I'm going to risk a prediction: this year is the one when everything is going to change (at least, that's how it will seem in retrospect)

The year when the collision between our experiments with new technologies, the cold bite of the economic realities and the rush of our new insights into ourselves and our profoundly social nature will together force us to rethink and rework everything we do.

IMHO it's not going to be a matter of evolving: we're approaching a discontinuity, a singular moment, after which everything will be different.

Not one of us knows quite how things will be on the other side, nor can we hope to til we get there.

So what can we do?

Travel hopefully? Remain open-minded? Watch and learn from each other? Try lots of things & back lots of horses? All of these and more.
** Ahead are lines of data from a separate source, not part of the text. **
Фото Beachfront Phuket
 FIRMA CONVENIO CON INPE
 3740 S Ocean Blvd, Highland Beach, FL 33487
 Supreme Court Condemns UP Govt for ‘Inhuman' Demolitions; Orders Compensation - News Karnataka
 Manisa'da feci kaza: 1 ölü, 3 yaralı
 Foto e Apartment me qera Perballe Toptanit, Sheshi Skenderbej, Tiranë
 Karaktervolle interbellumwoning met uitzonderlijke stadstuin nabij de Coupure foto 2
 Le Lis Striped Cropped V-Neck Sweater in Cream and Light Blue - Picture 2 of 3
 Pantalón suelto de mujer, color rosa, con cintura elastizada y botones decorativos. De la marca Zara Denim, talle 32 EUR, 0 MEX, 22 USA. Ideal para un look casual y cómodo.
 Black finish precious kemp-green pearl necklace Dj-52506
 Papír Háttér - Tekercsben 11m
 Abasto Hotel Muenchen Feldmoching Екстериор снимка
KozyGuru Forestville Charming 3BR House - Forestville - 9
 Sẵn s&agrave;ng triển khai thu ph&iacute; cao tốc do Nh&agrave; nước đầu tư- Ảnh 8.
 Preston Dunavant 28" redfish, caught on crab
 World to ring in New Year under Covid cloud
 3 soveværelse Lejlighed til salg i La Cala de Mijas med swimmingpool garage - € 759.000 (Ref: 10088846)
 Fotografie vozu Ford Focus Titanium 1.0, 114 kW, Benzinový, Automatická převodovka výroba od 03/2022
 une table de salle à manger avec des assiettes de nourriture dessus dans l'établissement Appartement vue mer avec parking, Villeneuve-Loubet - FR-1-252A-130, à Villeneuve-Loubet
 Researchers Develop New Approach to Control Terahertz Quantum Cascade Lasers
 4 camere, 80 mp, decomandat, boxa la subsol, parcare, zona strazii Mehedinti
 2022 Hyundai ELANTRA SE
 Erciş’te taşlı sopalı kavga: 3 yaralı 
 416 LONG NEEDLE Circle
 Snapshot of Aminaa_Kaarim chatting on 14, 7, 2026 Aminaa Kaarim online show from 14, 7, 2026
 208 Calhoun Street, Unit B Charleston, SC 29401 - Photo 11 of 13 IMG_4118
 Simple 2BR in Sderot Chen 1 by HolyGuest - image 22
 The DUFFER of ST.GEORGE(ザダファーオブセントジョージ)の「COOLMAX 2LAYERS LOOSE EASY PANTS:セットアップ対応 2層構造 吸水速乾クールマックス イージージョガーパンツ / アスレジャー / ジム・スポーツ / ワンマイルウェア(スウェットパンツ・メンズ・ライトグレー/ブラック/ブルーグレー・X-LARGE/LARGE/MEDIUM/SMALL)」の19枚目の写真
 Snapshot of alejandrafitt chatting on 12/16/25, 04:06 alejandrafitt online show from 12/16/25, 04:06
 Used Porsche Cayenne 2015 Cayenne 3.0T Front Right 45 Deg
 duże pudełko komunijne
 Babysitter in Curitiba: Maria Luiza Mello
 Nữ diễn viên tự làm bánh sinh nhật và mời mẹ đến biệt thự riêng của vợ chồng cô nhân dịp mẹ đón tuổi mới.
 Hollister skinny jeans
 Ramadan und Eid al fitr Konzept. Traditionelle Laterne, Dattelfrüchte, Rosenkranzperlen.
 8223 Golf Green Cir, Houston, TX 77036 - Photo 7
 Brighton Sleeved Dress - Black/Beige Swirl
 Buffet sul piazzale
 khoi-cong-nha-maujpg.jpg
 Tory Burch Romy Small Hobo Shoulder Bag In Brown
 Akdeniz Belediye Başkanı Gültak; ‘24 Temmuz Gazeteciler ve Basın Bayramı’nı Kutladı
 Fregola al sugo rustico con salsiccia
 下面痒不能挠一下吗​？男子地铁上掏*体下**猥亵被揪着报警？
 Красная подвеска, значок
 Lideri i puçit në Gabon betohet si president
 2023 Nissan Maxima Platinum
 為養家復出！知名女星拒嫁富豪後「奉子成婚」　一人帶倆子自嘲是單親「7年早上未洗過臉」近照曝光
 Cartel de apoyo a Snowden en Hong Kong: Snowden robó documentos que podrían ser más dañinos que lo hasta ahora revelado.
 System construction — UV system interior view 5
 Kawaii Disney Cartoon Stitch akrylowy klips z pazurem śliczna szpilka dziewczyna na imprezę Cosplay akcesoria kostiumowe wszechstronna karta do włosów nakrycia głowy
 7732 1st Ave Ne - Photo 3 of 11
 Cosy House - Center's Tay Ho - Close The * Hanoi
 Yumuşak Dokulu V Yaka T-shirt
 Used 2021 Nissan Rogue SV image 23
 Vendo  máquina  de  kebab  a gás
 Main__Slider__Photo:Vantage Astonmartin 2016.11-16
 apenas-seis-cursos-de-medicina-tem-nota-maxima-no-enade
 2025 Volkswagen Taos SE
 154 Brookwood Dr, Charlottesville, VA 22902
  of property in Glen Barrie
More indeed: let's not fall for any old ideas that we bring with us from the past – old ideas arising, like most marketing science, out of Mid Century Midwest USA and thus far from eternal and unchanging.

Let's test our ideas and practices against the simple measure: is this just the old map re-written? is it just "evolved"? Changed a little in form but not in substance?

If everything changes, then shouldn't your ideas and map change, too?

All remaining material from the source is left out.